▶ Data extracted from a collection
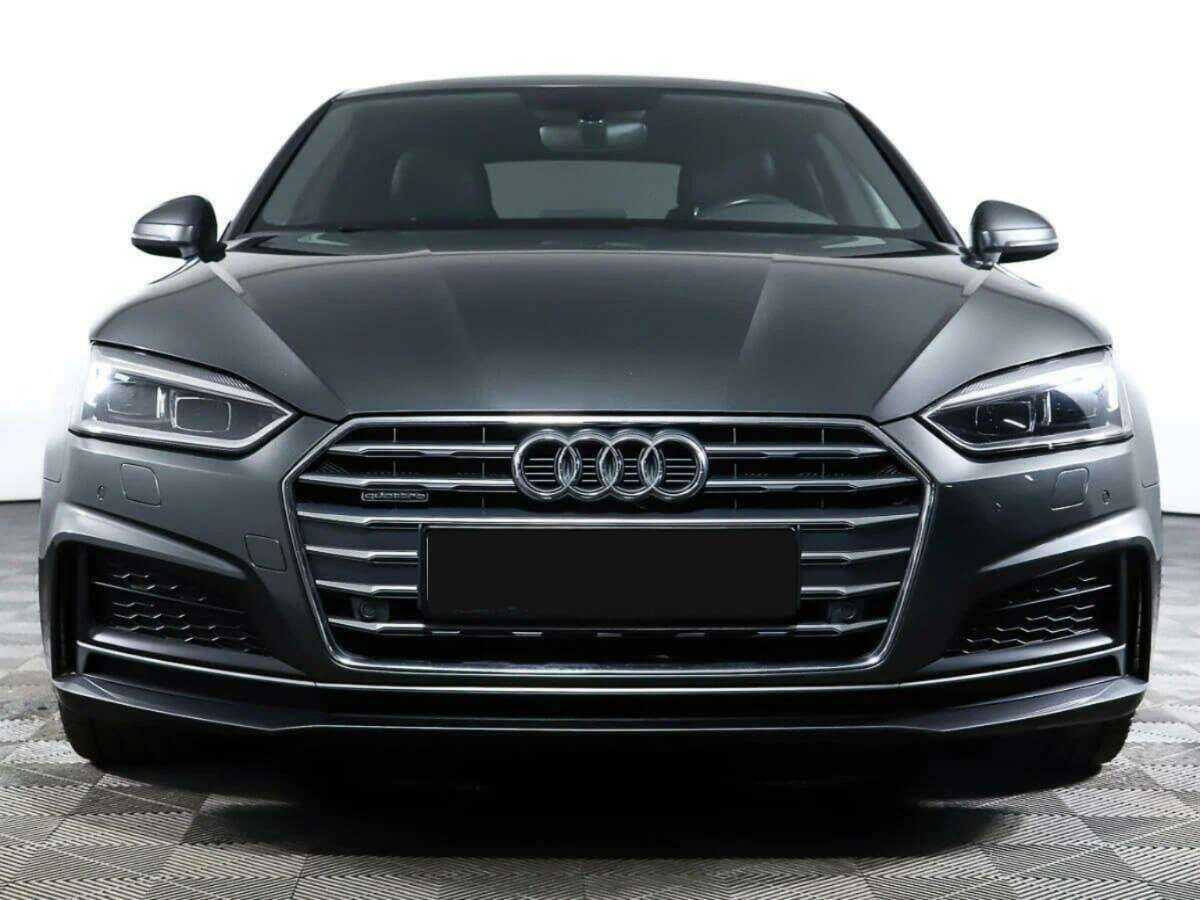Audi A5 с пробегом — 2018 год. Фото: #1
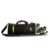 Lifelong 30 L Duffle Bag | Gym Bags for Men & Women | Adjustable Shoulder Bag | Duffle Gym Bag | Water Resistant | Sports & Travel Bag with Shoe Compartment & Side Pocket (Black & Yellow)
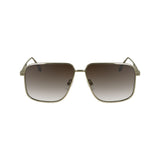 Victoria Beckham Gold Metal Sunglasses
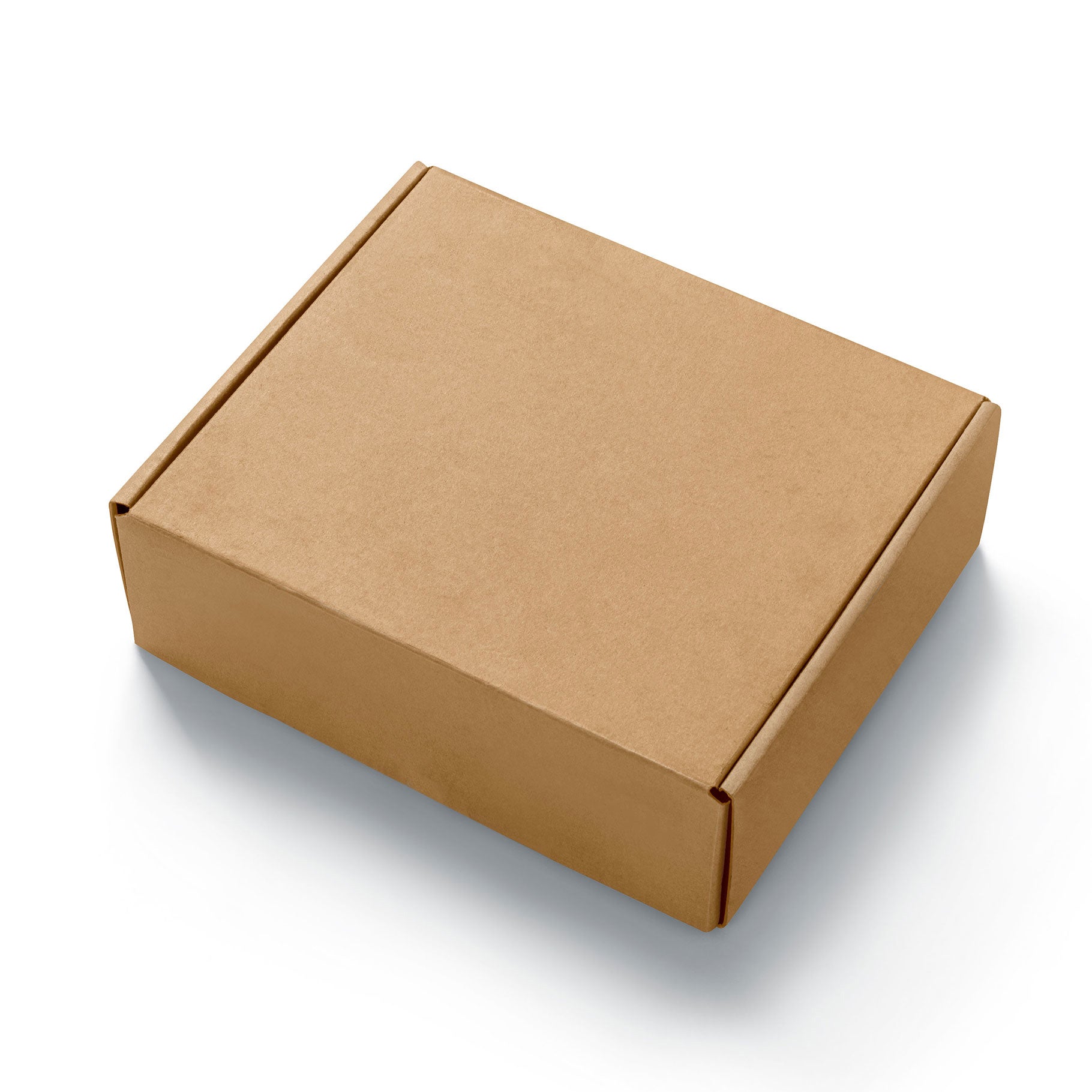 Mailing Cardboard Box Extra Small Brown 200mm x 147mm x 91mm - Omni Packaging 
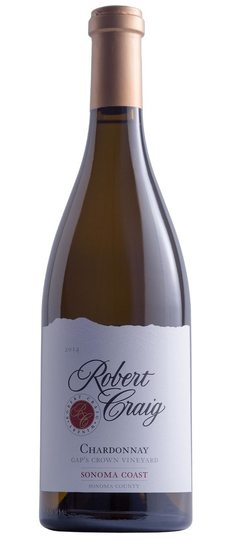Robert Craig Winery Gaps Crown Vineyard Chardonnay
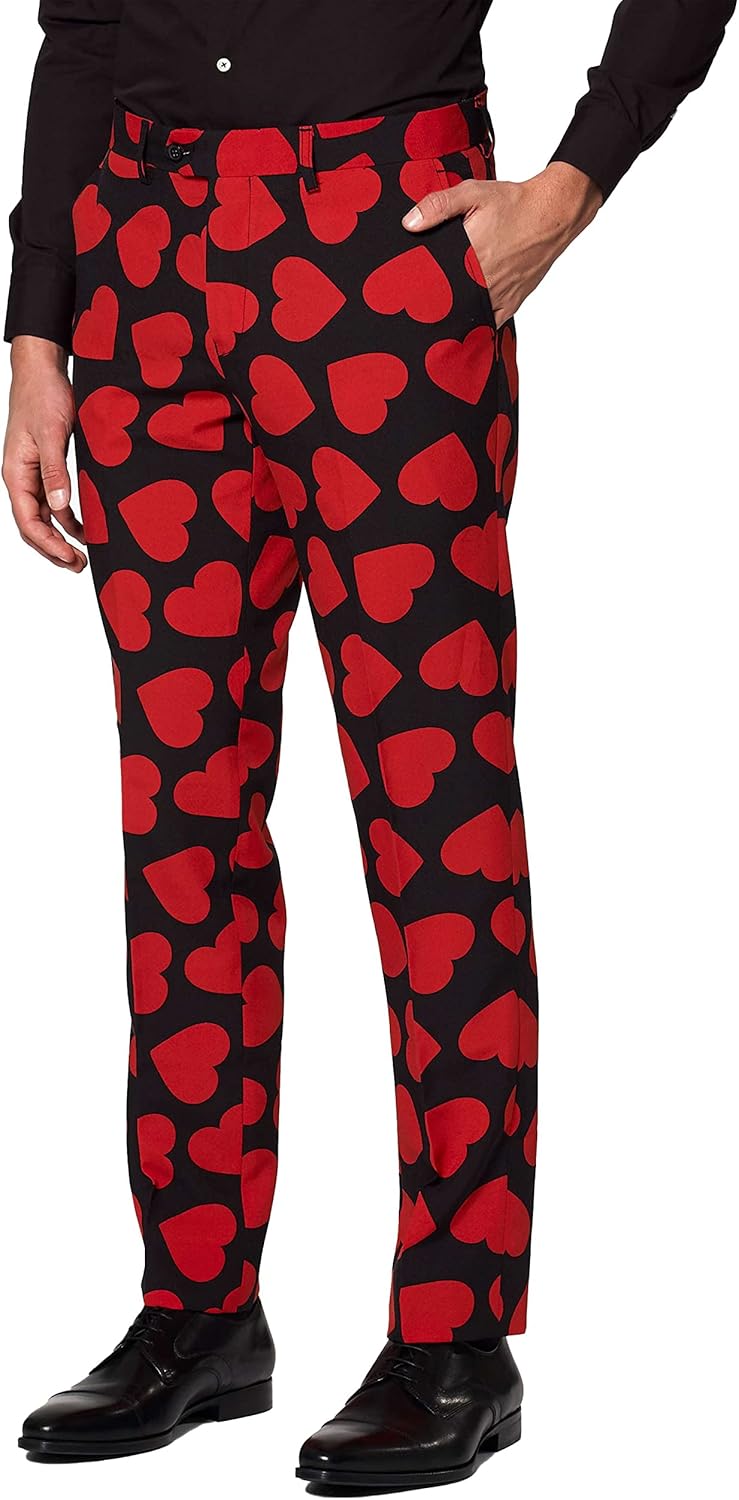 Party-Herrenanzug, 46 King Of Hearts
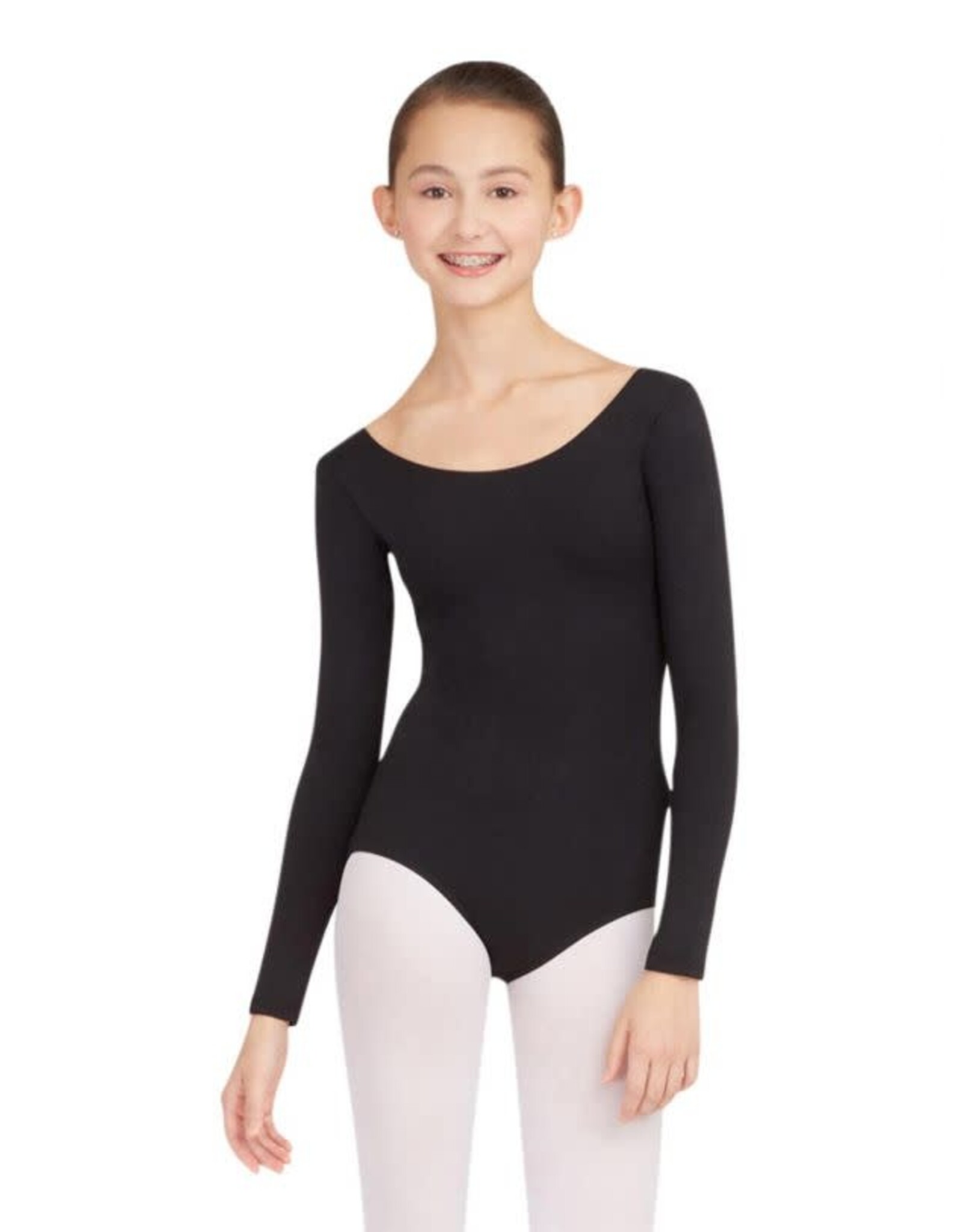 Capezio Capezio Long Sleeve Leotard - Black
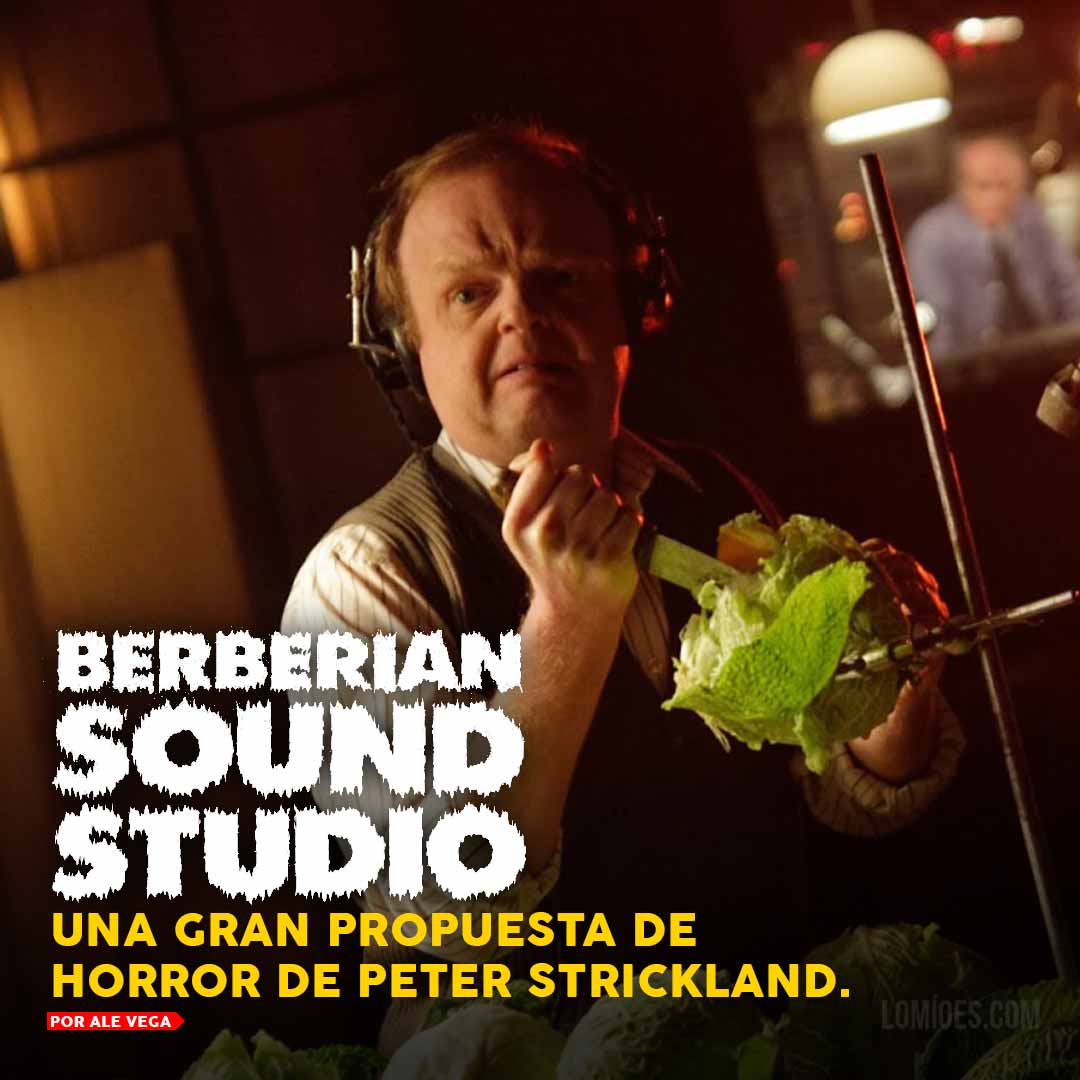 Berberian Sound Studio: La inquisición del sonido Resena Berberian Sound Studio La Inquisicion del Sonido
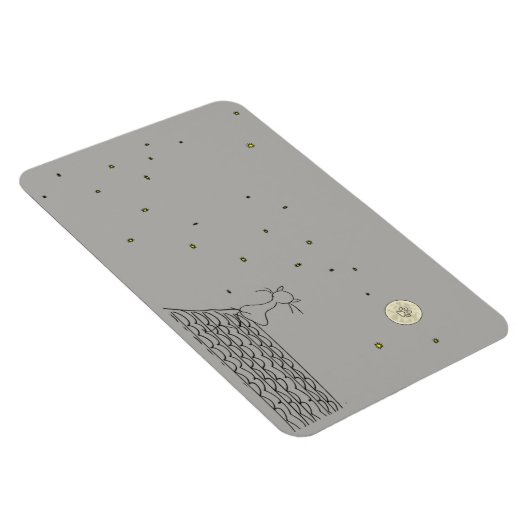 Magnet Flexible aimant flexible pour des amoureux de les chats (Côté Droit)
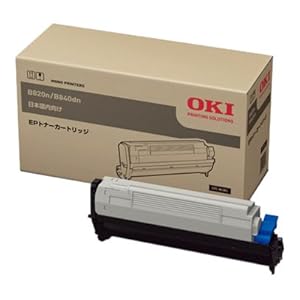 【クリックで詳細表示】OKI EPトナーカートリッジ(B820n/B840dn)EPC-M3B1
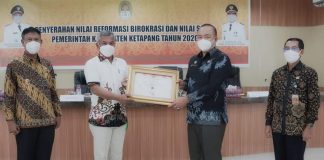 Pemkab Ketapang Raih Empat Penghargaan Atas Prestasi Kinerja dan Pelayanan Publik Tahun 2020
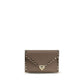Valentino Garavani Brown Calf Leather Bos Taurus Wallet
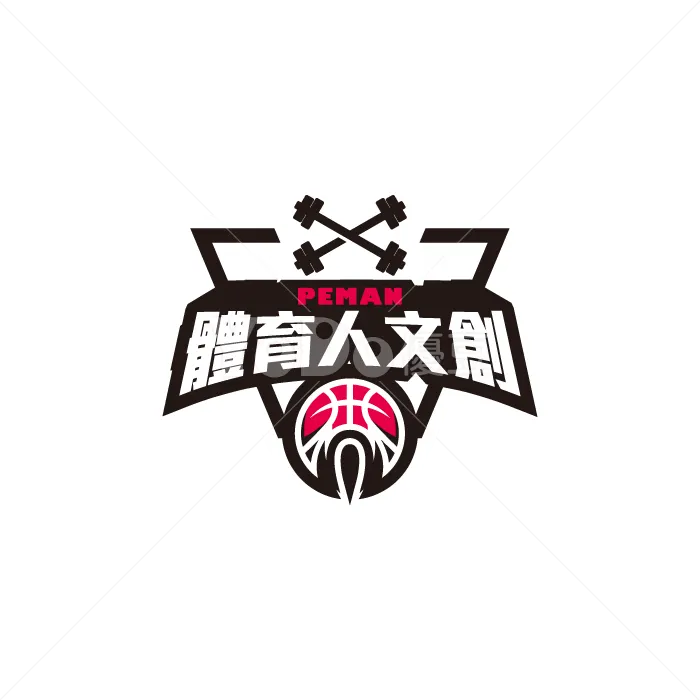 圖像Logo設計-體育人文創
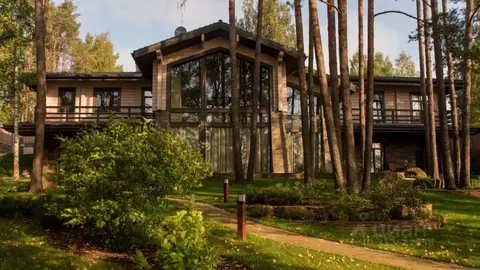 Дом в Ленинградская область, Выборгский район, Первомайское с/пос, ...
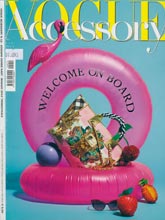 《VOGUE Accessory》意大利配饰女装流行趋势先锋杂志2014年05月号
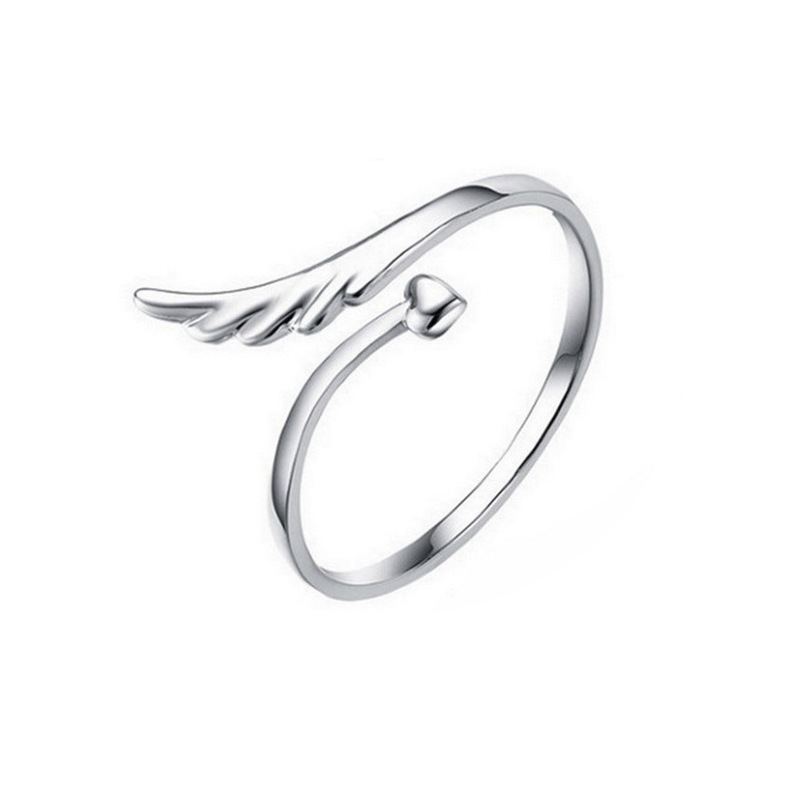 Angel wing S925 Sterling Silver Ring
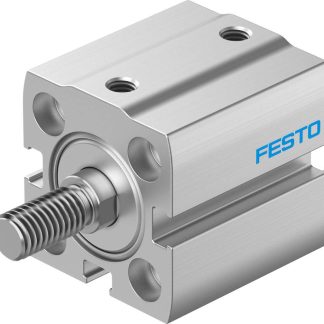 Cilindro pneumatico compatto Festo ADN-S 8091446, Doppio effetto, foro da 20mm, corsa 15mm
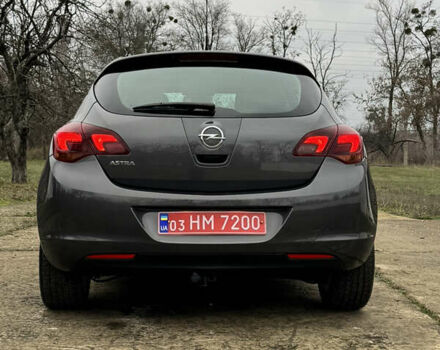 Коричневый Опель Астра, объемом двигателя 1.6 л и пробегом 147 тыс. км за 10450 $, фото 9 на Automoto.ua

▶ WHAT YOU NEED TO DO
From the records above, return exactly the lines running from the one that contains "Robert Craig Winery" down to the one that contains "Berberian Sound Studio: La", both included, without any pictures.

▶ EXPECTED OUTPUT
Robert Craig Winery Gaps Crown Vineyard Chardonnay
 Party-Herrenanzug, 46 King Of Hearts
 Capezio Capezio Long Sleeve Leotard - Black
 Berberian Sound Studio: La inquisición del sonido Resena Berberian Sound Studio La Inquisicion del Sonido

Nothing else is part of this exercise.